Barack Obama famously pioneered the use of social media as a campaign tool, to great effect. Demos is currently running a project to teach European third-sector organisations how to better use social media in order to improve turnout among under-represented groups.
So far we’ve found that the potential for social media to mobilise voters is there, but to date this has not been realised at European elections. We are confident that this year is going to be Europe’s social media moment.
The European Elections Study (ESS) examined how politicians tried to engage voters in 2009. The EES collected data on both candidates and voters and by comparing the two, we can see how effective politicians were back then in reaching potential voters through social media.
Our analysis shows that while politicians often were using social media, they were in fact only reaching a small proportion of the population, with little impact. We also found that they were mostly reaching voters through traditional techniques like flyering, which are actually quite ineffective in increasing turnout.
Candidates across all European countries were asked if they had used a variety of campaign techniques in order to engage potential voters. As the figure below shows, over half had used social media to try to get to voters.
Just who was listening? In the voter survey, respondents were asked if they had been contacted during the election campaign by social media. The story is radically different – most people claimed they had not been contacted by candidates through social media, though there is some variation across countries: in Belgium 9.2 per cent claimed they had been contacted whereas in Portugal only 0.7 per cent did so. In the United Kingdom, 1.4 per cent claimed to have been contacted.
This story is told in the following figure, which compares social media with other campaigning techniques in six European countries:
In short, politicians were using social media quite frequently but not really getting through to people.
What is most disheartening about these findings is that the techniques which are actually reaching voters are those with very limited efficacy, especially in getting out the vote. According to Green and Gerber in their book Get Out the Vote, the methods that actually convince people to come out and vote are those that involve some kind of personal touch and express social pressure to vote.
European politicians are trying to cast their net far and wide in the hope they will catch voters, but it seems they are using a net that is full of holes. So, might social media be used to better target and bring out voters?
Through forums like Facebook, potential sympathetic voters can be identified on the basis of what they ‘like’, which should enable politicians to more efficiently target their campaigns. Does this mean that social media might help to mobilise non-voters?
According to one study, it can, but it depends on the type of message put out.

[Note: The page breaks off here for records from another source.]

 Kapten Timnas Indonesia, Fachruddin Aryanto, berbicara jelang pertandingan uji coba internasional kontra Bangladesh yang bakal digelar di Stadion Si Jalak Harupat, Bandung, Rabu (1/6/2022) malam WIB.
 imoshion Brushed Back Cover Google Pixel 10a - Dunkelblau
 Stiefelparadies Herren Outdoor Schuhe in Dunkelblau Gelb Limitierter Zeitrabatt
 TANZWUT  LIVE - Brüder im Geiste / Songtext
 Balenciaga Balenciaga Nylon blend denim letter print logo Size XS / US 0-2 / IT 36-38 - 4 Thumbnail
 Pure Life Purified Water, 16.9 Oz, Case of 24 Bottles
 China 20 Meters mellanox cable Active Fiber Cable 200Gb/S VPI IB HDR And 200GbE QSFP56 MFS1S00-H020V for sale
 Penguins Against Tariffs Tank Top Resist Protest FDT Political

At the 2010 US congressional elections, Bond et al. put out two different types of message on Facebook to try and convince people to vote.
The first ‘informational’ message informed users of that it was election day, allowed them to seek information how to vote, and to declare if they had voted by clicking on a button. The second ‘social’ message did precisely the same thing but also showed Facebook users which of their friends had already voted.
It was the latter ‘social’ message that appeared to have an effect on turnout. This is a classic ‘nudge’-style approach: if people see their friends were voting, they are more likely to feel social pressure to vote and that in some way voting was worth doing. It was estimated that one single message on Facebook had contributed directly to turnout by 60,000 votes and a further 280,000 via social contagion.
Whether or not European politicians will be able to enact a social media campaign on the same scale as the Americans is doubtful, given differences in the amounts of electoral spending. Nevertheless, social media do offer the opportunity at these upcoming elections of better targeting, increased turnout as well as allowing candidates to interact more with voters.